Abstract

Smoking is one of the major environmental risk factors for lung cancer. In recent years, the role of long-chain noncoding RNAs (lncRNAs) in chemical carcinogenesis has attracted extensive research attention. In this study, we treated human bronchial epithelial cells with cigarette smoke extract (CSE) at a dose of 2 μg/ml to establish a malignantly transformed cellular model (16HBE-M). Screening of lncRNAs highly expressed in transformed cells via differential analysis revealed a crucial role of linc00152 in CSE-induced malignant transformation.
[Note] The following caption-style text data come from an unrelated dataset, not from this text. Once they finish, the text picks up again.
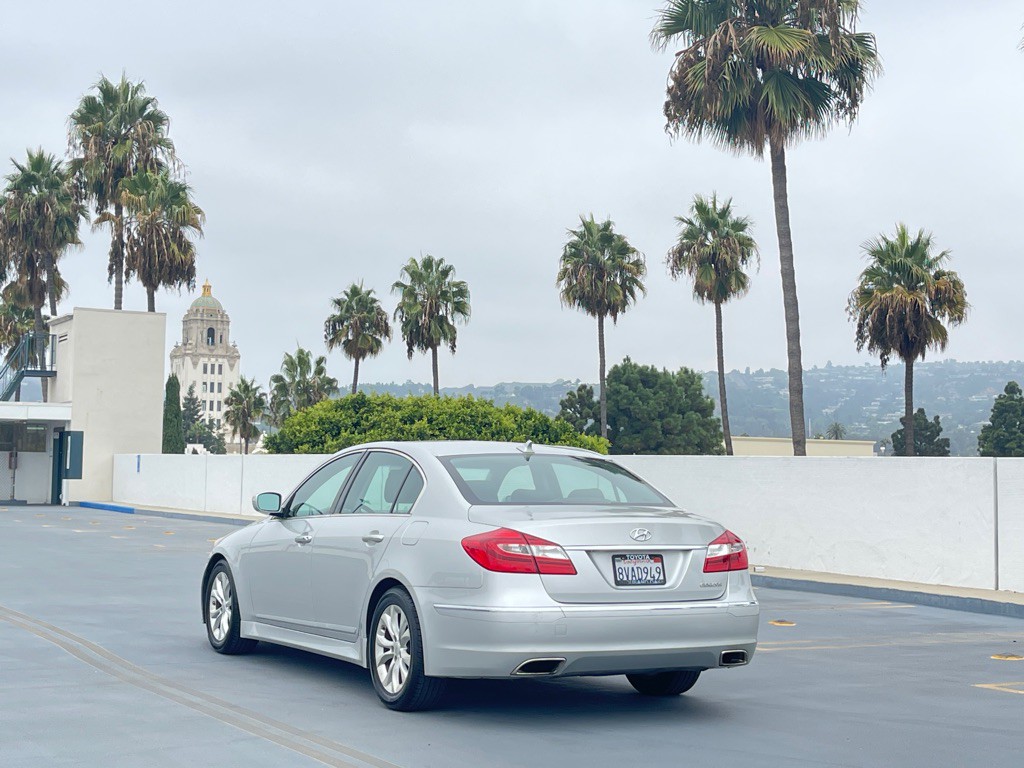 2012 Hyundai Genesis Image 11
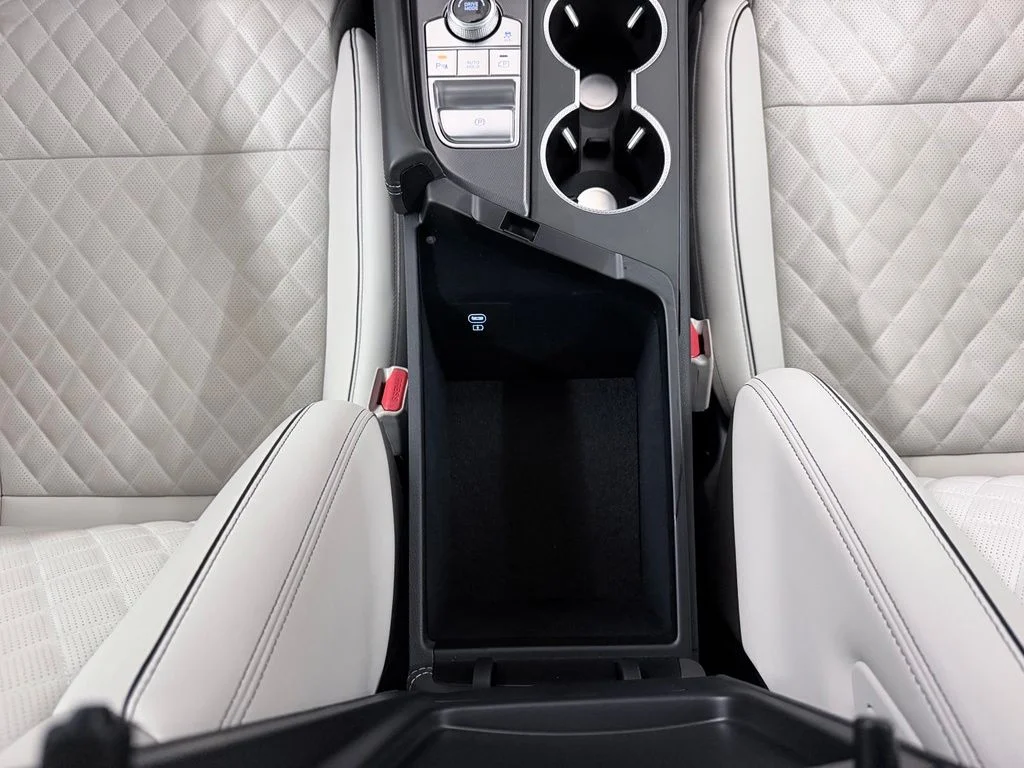 2025 GENESIS G70 Sport Advanced - Photo 31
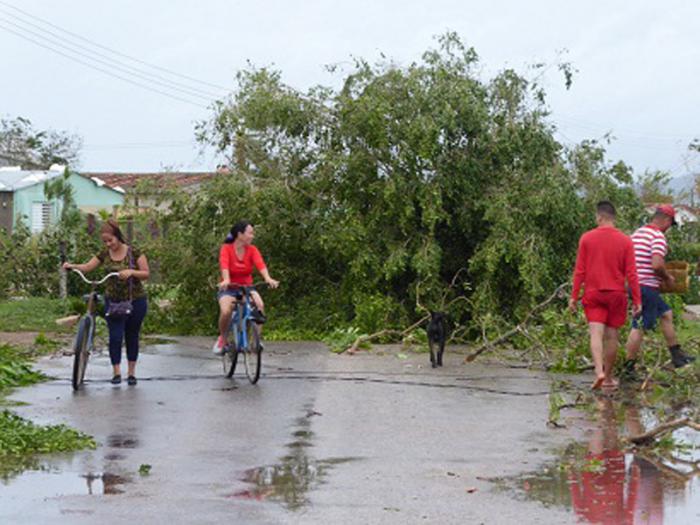 Primeras  imágenes del poblado de Bolivia, Ciego de Ávila, primero que sacudió Irma a su paso por la provincia.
The linc00152 serum level in CSE-exposed individuals was increased in a dose-dependent manner and its high expression associated with metastasis and proliferation of lung cancer tissue. In malignantly transformed 16HBE-M cells, linc00152 was involved in regulation of cell adhesion, epithelial transition and other malignant phenotypes, which in turn, affected in vivo metastasis. Interference with linc00152 expression led to G1/S arrest and inhibition of proliferation of 16HBE-M and H1299 cells. Furthermore, linc00152 promoted cyclin D1 expression and G1/S transition by functioning as an endogenous competitive RNA targeting miR-193b. Our collective findings supported a critical regulatory role of linc00152 in cell cycle alterations and abnormal proliferation in CSE-induced malignant transformation of human bronchial epithelial cells.